É a completa falência da educação… apenas constatada. Já faliu. A partir do momento em que você tem mais confiança no chatGPT do que em um professor da rede pública, o ensino já faliu. Não precisa mais de humanos. Bota uma gravação de áudio para dar aula e alguns profissionais de assistência social e psicologia para dar acolhimento às turmas.

Por um segundo me bateu um rápido e passageiro mal-estar, como se o que eu estivesse pensando fosse um pecado, uma heresia, uma injustiça. Aquela figura do professor herói, abnegado, vocacional que tanto nos vendem, mas que é uma minoria esmagadora. A maioria não ensina porra nenhuma, seja por não saber porra nenhuma, seja por estar de saco cheio, seja por falta de didática e atualização.

Então, depois que removi esse bloqueio à “sagrada instituição dos professores”, comecei a ver as coisas com mais clareza. Por mais precário de infraestrutura que seja o ensino público, quem quer e sabe, ensina apenas subindo em um caixote de feira e falando de forma simples e interessante sobre o tema. Aluno brasileiro chega analfabeto ao final do ensino médio. O desempenho dos alunos brasileiros em PISA é digno de país com IDH negativo. Então, parece que nossos heróis não estão passando conteúdo para os alunos, não é mesmo?
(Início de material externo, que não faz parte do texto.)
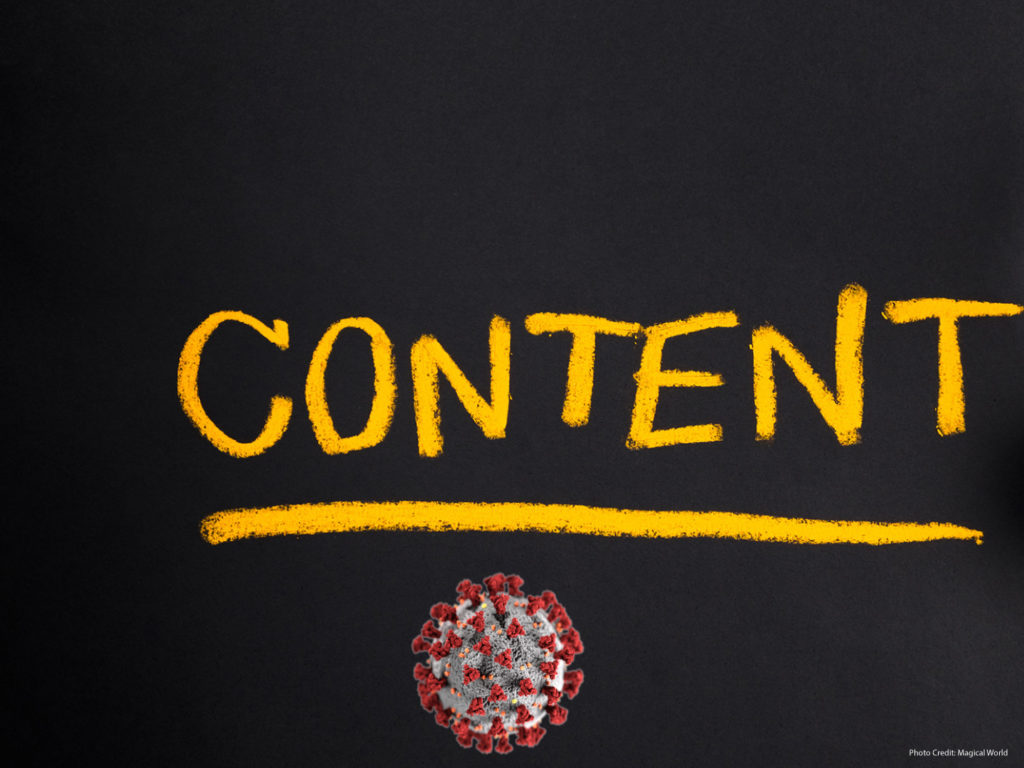 Content creation strategy during the time of COVID-19 outbreak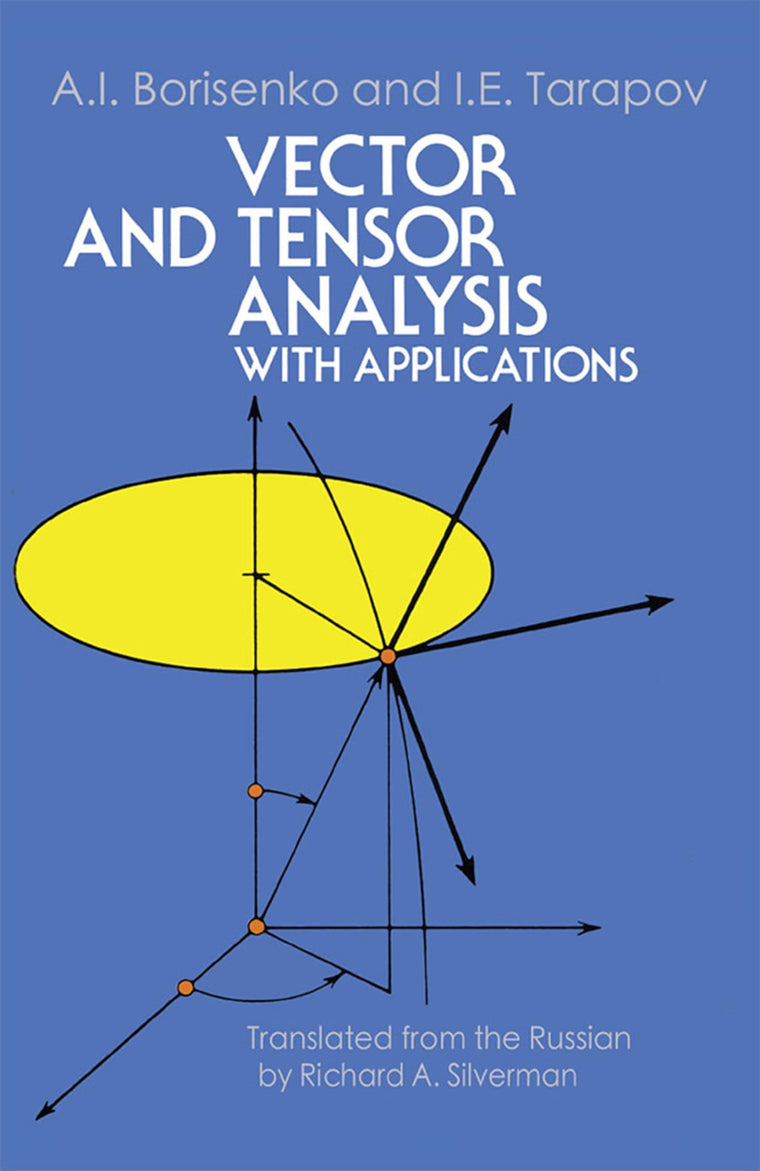 Vector and Tensor Analysis with Applications (Dover Books on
Claro que infraestrutura conta, mas não dá para colocar o analfabetismo funcional galopante do Brasil todo na conta da infraestrutura. Os professores estão cagando no pau também. E já vem fazendo isso há tempos, protegidos pelo manto de “heróis da sociedade”. Adivinha só? Não são. Os professores falharam e não parecem dispostos a admitir isso, só a colocar a culpa em fatores externos.

E onde o ser humano falha além de reparação, entra a tecnologia. Sabemos que o Poder Público não vai recapacitar todos esses profissionais, afinal, a “Pátria Educadora” está cortando verbas do ensino e da pesquisa (nunca foi sobre a ciência) com uma facilidade constrangedora.
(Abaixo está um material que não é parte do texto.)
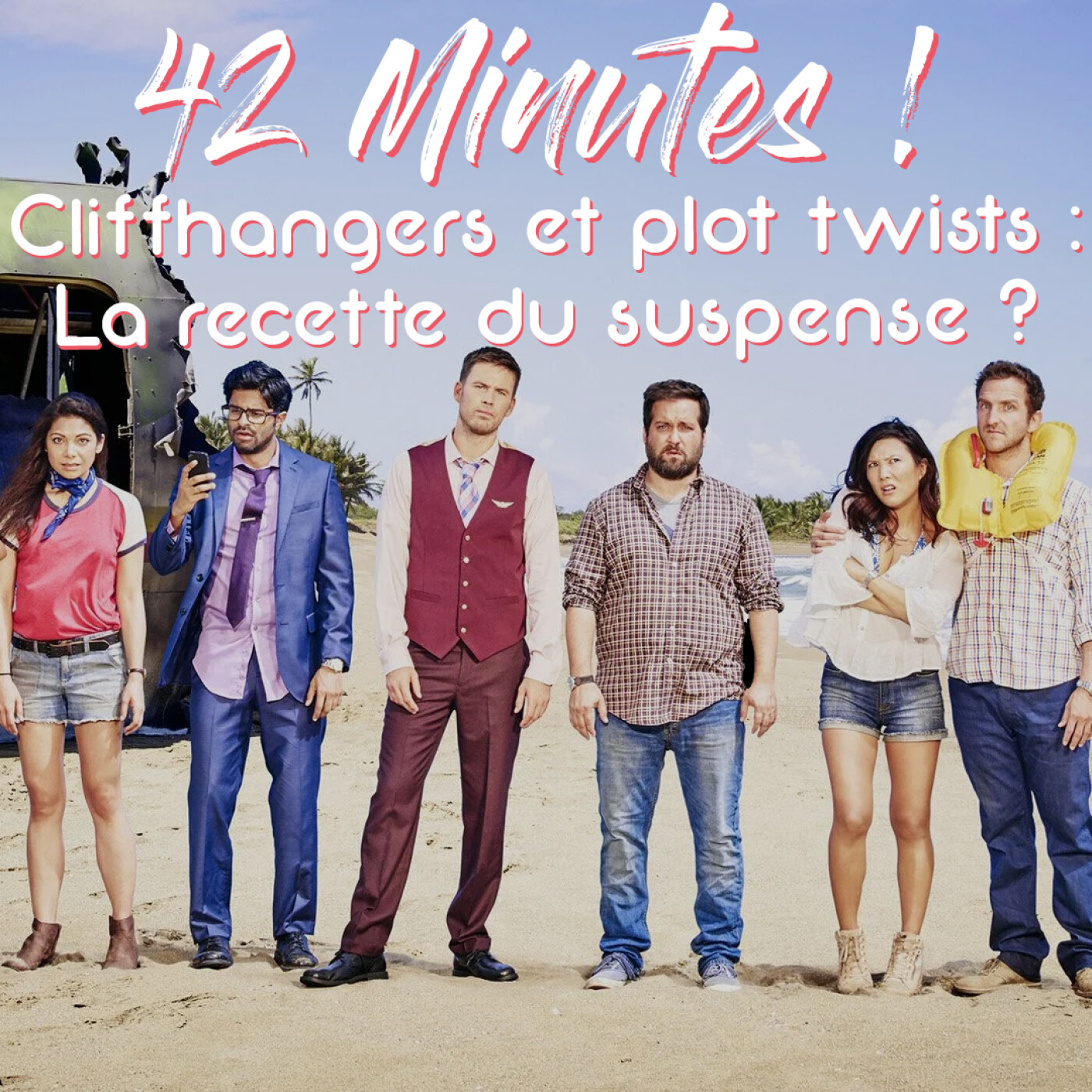 S06E13 – Cliffhangers et plot twists : la recette du suspense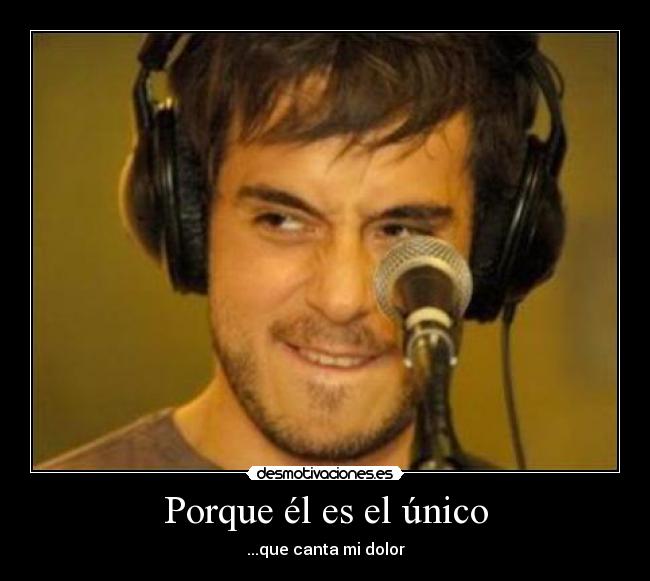 Porque él es el único -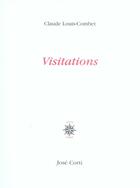 Couverture du livre « Visitations » de Louis-Combet Cl aux éditions Corti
Então, sendo realistas: professor merda que não é capaz de ensinar o que é necessário aos alunos x tecnologia que ainda é ruim mas vai melhorar? Eu fico com a tecnologia, pois mesmo que ela seja ruim, o ensino com professor é péssimo e é muito mais provável que a tecnologia melhor do que que o professor melhore.

Também é muito mais provável que o aluno questione a tecnologia, se aprender a lida com ela. Muitas vezes ao questionar um professor (principalmente se ele for militante), aluno é silenciado, calado, punido, envergonhado publicamente. A tecnologia não oprime. Ao se familiarizar com a tecnologia, o aluno pode usá-la inclusive para questioná-la.

Tecnologia não faz greve. Tecnologia não faz concurso sabendo que o salário é uma merda e as condições de trabalho são insalubres e depois fica se vitimizando por isso. Tecnologia não tira férias. Tecnologia não ganha salário nem benefícios. Tecnologia não falta, não adoece, não acorda de mau humor. Não estou negando a necessidade de um componente humano no ensino, estou negando que ele necessariamente tenha que ser um professor.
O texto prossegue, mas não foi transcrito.